Comprehensive FEA, structural/sealability testing program conducted
By T. Anderson, C. Fontenot and R. Davey, Chevron; J. Dugas and B. White, Quail Tools LP; K.A. Hamilton,
C-FER Technologies; P.S. Beauchamp, L.C. Karlapalem, A. Muradov and J.N. Brock, NOV Grant Prideco
This article discusses a two-year comprehensive effort to design, test, manufacture and deploy a new high-pressure completion tubular for Chevron’s deepwater Gulf of Mexico operations. The major challenge was to design, test and manufacture a subsea completion string that would provide efficient hydraulics during the fracturing operations while ensuring mechanical and pressure integrity.
Since the industry first began rotary drilling, wells have continued to become more challenging. Drilling tubulars have evolved as well, enabling operators to meet these challenges. The development of rotary-shouldered connections (RSCs) has been a key enabling technology by providing the mechanical and hydraulic performance required to drill more difficult and complex wells.
First-generation double-shouldered connections (1st Gen. DSCs) incorporate the same basic design features, such as thread form, taper, lead and pitch diameters, as the API RSC connections, but they include a secondary torque shoulder added inside the box member at the pin nose interface. These connections increased the connection torsional strength by approximately 40% over the corresponding API connection with the same outside diameter (OD) and inside diameter (ID).
The increased torsional strength provided by the secondary shoulder allowed designers to streamline the connection, increasing the ID and/or decreasing the OD, in order to improve the hydraulic performance of the drill string.
To develop the 2nd Gen. DSCs, changes to the standard API RSC design parameters were necessary. Enhanced thread forms with lower stress concentrations and shallower tapers to increase the area of the internal torque shoulder were necessary to increase torsional performance and further streamline connection dimensions. The 2nd Gen. DSC provides approximately 25-30% more working torque capacity, or an improvement in working torque of approximately 65-70%, compared with a standard API RSC of similar dimensions. The 2nd Gen. DSC has streamlined connection dimensions, enabling one pipe size larger to be run in the same hole size, significantly improving hydraulic efficiency while maintaining the ability to fish the connection with an equivalent overshot.
One of the primary philosophies employed during the development of 3rd Gen. DSC was the concept of “one size does not fit all.” Common drill pipe sizes that were employed throughout the connection development program were grouped into four categories. Design requirements for each group were prioritized, and four connection design configurations were developed to meet the specific and needs of each drill pipe size.
Compared with the 1st and 2nd Gen. DSCs, the 3rd Gen. DSC had a dual-start, twin-lead or double-start thread. Double-start threads incorporate two threads spaced 180° apart, reducing the number of turns to make up the connection by 50%. Further, the 3rd Gen.
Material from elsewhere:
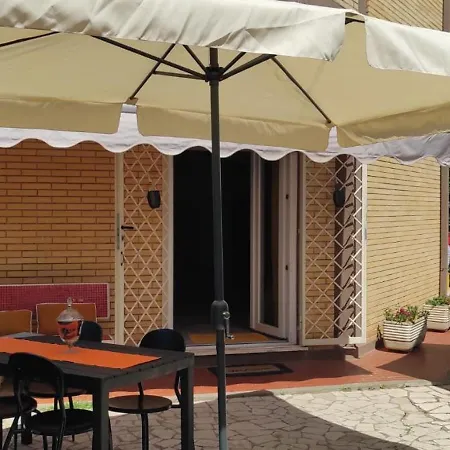 Villa Lido Dei Pini 4 Persone Giardino 350Mq Wifi 3 Chilometri Dal Mare * Lido dei Pini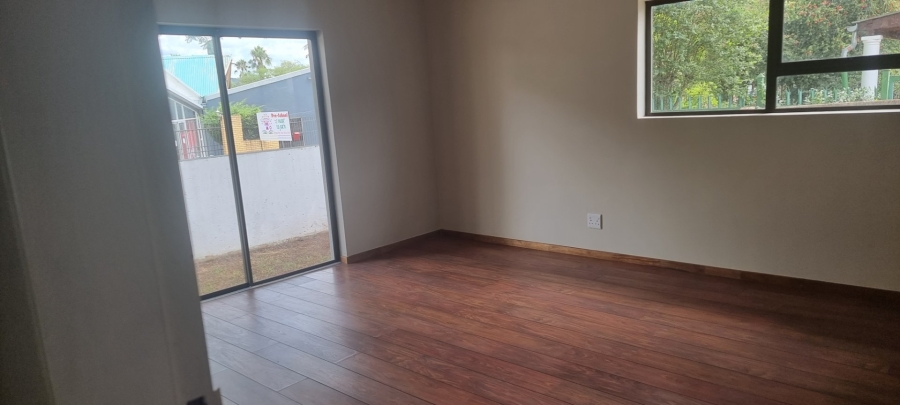 4 Bedroom Property for Sale in Mountain View Gauteng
DSC design incorporated a dual-radius thread form that reduced peak stresses and enhanced fatigue resistance.
Tapers were reviewed for each connection size and optimized to balance the needs of the specific drill pipe size. Compared with the 2nd Gen. DSC, connection sizes prioritizing speed of makeup resulted in increased tapers, and connection sizes prioritizing increased torsional capacity resulted in equivalent or reduced tapers. Similar to taper, thread pitch was reviewed for each connection. Connection sizes prioritizing speed of makeup resulted in faster thread pitch to minimize the number of turns from stab to makeup. Also, API tool joints are produced with specified minimum yield strength (SMYS) of 120,000 psi, while 3rd Gen. DSCs utilize higher strength (130,000 psi SMYS) material to improve torsional capacity and/or provide more streamlined dimensions for hydraulic efficiency.
After the introduction of the 2nd Gen. DSC in 1998, a project was initiated to develop the first RSC with the ability to seal high gas pressures. The first-generation gas-tight (metal-to-metal seal) rotary-shouldered connection (1st Gen. MTM) utilized the reduced thread height and flattened taper of the 2nd Gen. DSC design to incorporate a radial metal-to-metal interference seal on the pin nose.
With the primary seal being the radial metal-to-metal seal on the pin nose, the external shoulder provides a secondary seal. The internal shoulder acts as a torque stop and is not considered a pressure seal. This permits the connection to be racked back on the pin nose during tripping operations without concern about damaging a seal.
Interference is one of the controlling factors in the effectiveness of a radial metal-to-metal seal. The primary importance was optimizing the seal interference in order to ensure adequate contact stresses at the sealing surfaces. Insufficient interference would adversely affect the connection sealability, while excessive interference could cause galling. The 1st Gen. MTM connections provided 15,000-psi internal pressure and 10,000-psi external pressure ratings.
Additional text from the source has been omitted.